▸ **Exercise**:
Transcribe only the stretch of lines that opens with the line containing "Adjustable Size Recycling" and closes with the last line of the listing, skipping pictures.

** Opening Material for this exercise block **

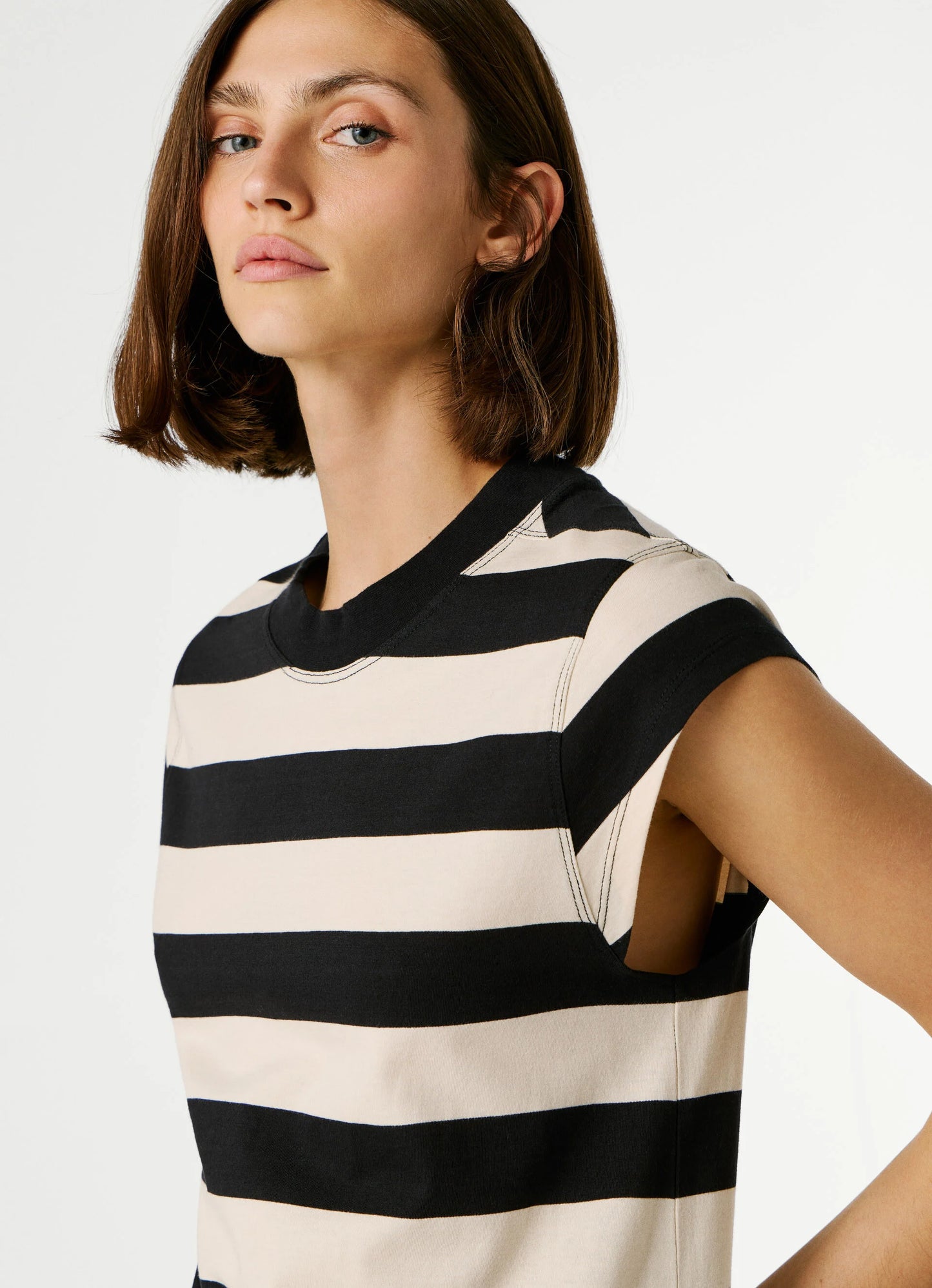 PEPE JEANS WOMAN LILA DRESS STRIPES
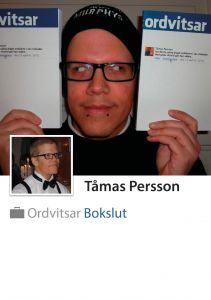 Ordvitsar Bokslut av Tåmas Persson
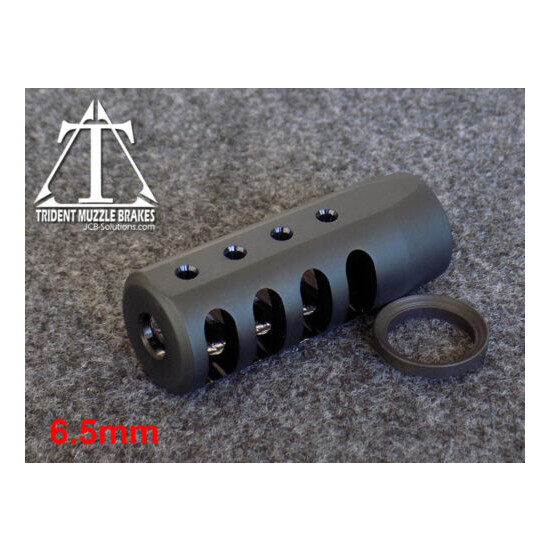 5/8x24 6.5 Creedmoor 6.5 Grendel Muzzle brake muzzle device Made in the U.S.A. image {1}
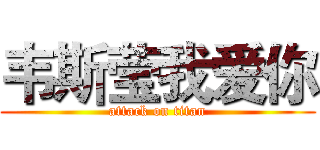 韦斯莹我爱你 (attack on titan)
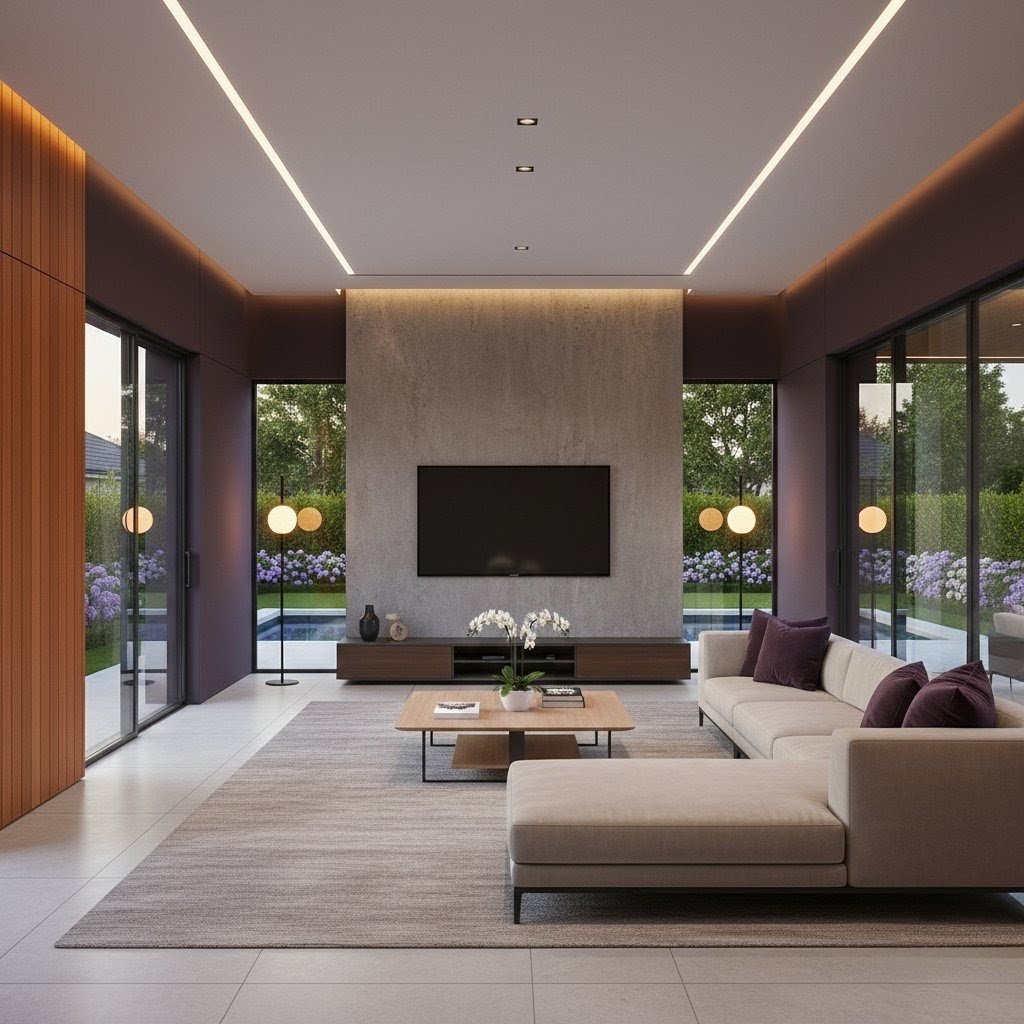 The Violet, Plum, and Oak Theme Villa – TV Lounge -8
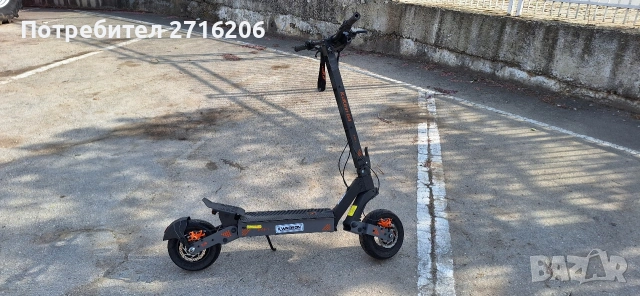 Продавам Електрическа Тротинетка KUKIRIN G4, снимка 2 - Велосипеди - 54609826
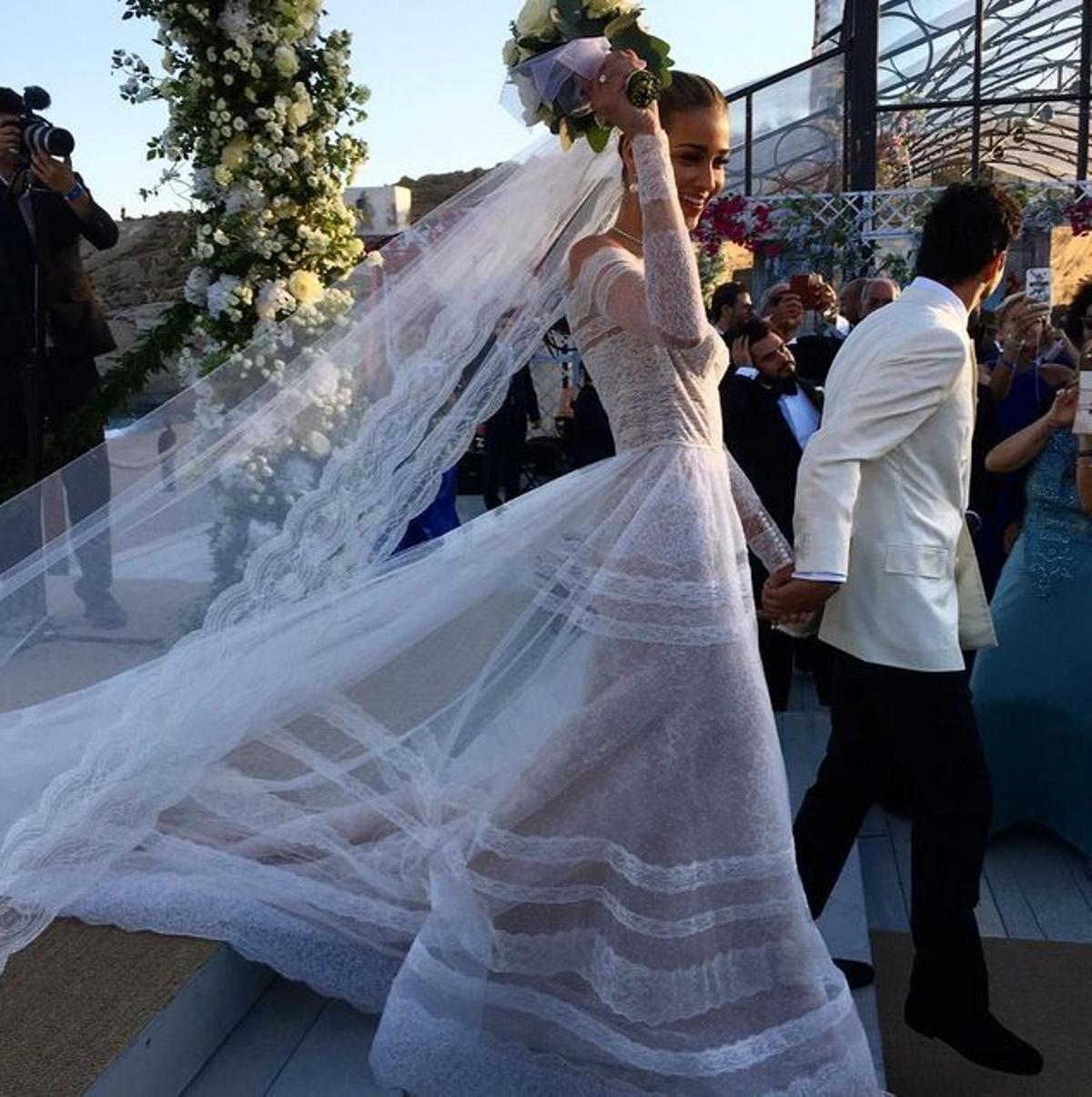 La boda de Ana Beatriz Barros: la novia y su precioso diseño de Valentino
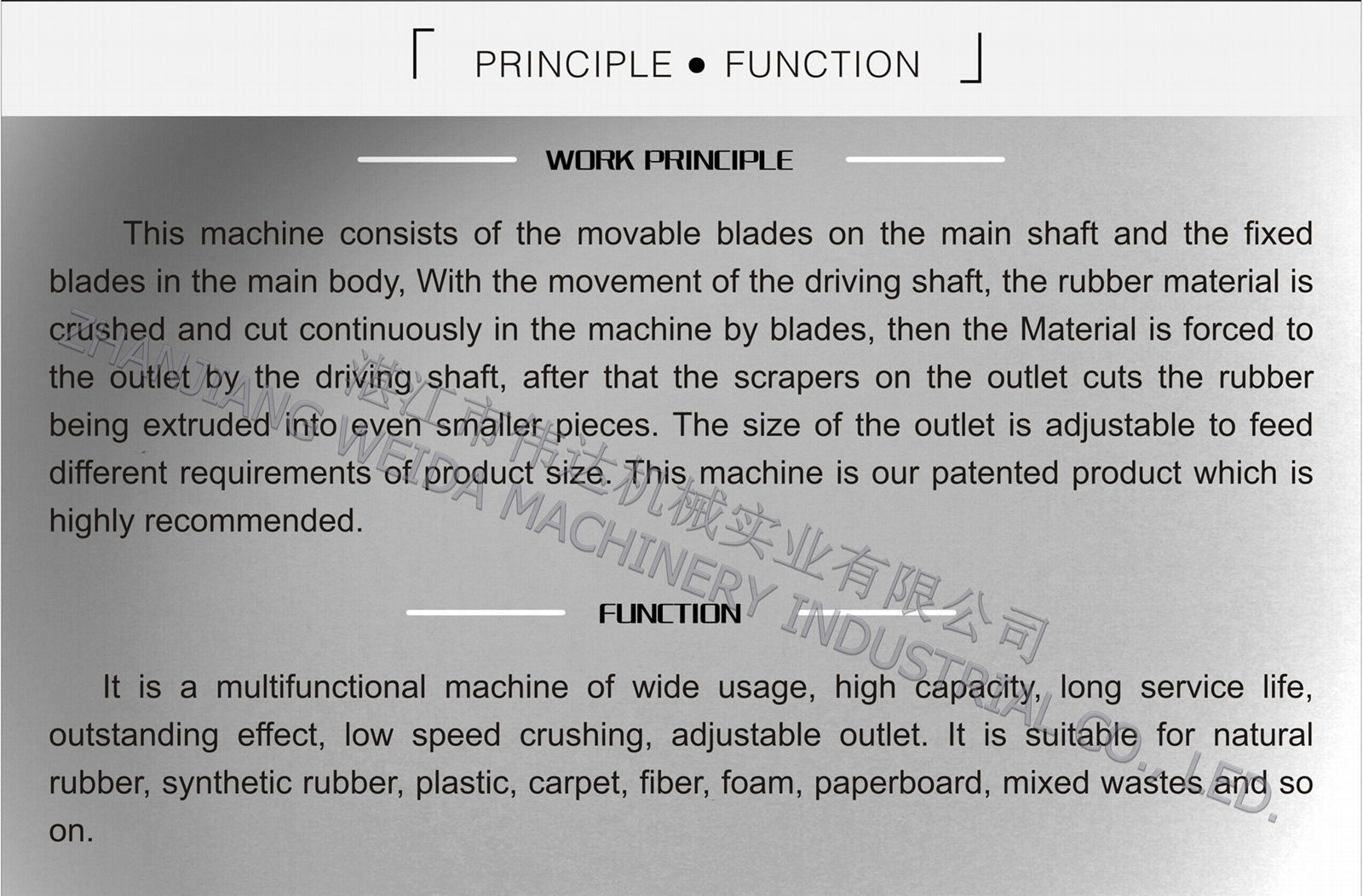 Adjustable Size Recycling Rubber Crushing Machine With Large Output 3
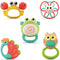 Baby Rattles Toys Set, Infant Grab N Shake Rattle, Sensory Teether, Music Learning Toy, Birthday Gifts for Newborns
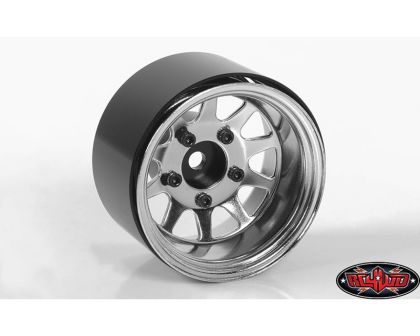 RC4WD Deep Dish Wagon 1.55 Stamped Steel Beadlock Wheels Chrome RC4ZW0285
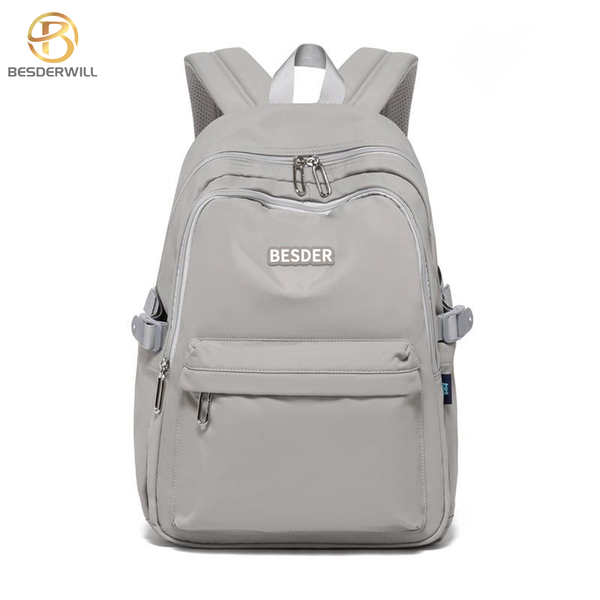 Balo thời trang unisex đơn giản nhiều ngăn – Chất liệu chống nước, phong cách Hàn Quốc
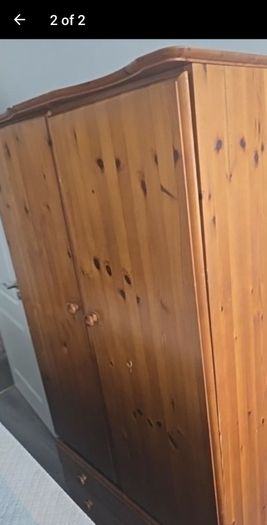 wooden wardrobe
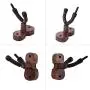 Kalaok Wall Mount Violin Fiddle Viola Hanger Hook Keeper with Bow Holder Rubber Cushion Wood Base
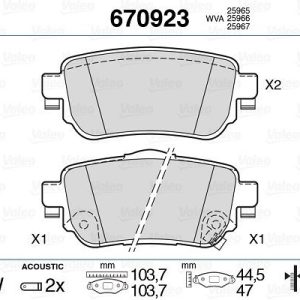 ARKA FREN BALATA RENAULT KADJAR 15 KOLEOS II 18 / NISSAN QASHQAI 1.6L Dci R9M dizel 11- / X-TRAIL 1.6L Dci T32 12- 440605889R-440606633R-D40604CA0A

** Closing Material for this exercise block **

▸ **Written solution**:
 Adjustable Size Recycling Rubber Crushing Machine With Large Output 3
 Baby Rattles Toys Set, Infant Grab N Shake Rattle, Sensory Teether, Music Learning Toy, Birthday Gifts for Newborns
 RC4WD Deep Dish Wagon 1.55 Stamped Steel Beadlock Wheels Chrome RC4ZW0285
 Balo thời trang unisex đơn giản nhiều ngăn – Chất liệu chống nước, phong cách Hàn Quốc
 wooden wardrobe
 Kalaok Wall Mount Violin Fiddle Viola Hanger Hook Keeper with Bow Holder Rubber Cushion Wood Base
 ARKA FREN BALATA RENAULT KADJAR 15 KOLEOS II 18 / NISSAN QASHQAI 1.6L Dci R9M dizel 11- / X-TRAIL 1.6L Dci T32 12- 440605889R-440606633R-D40604CA0A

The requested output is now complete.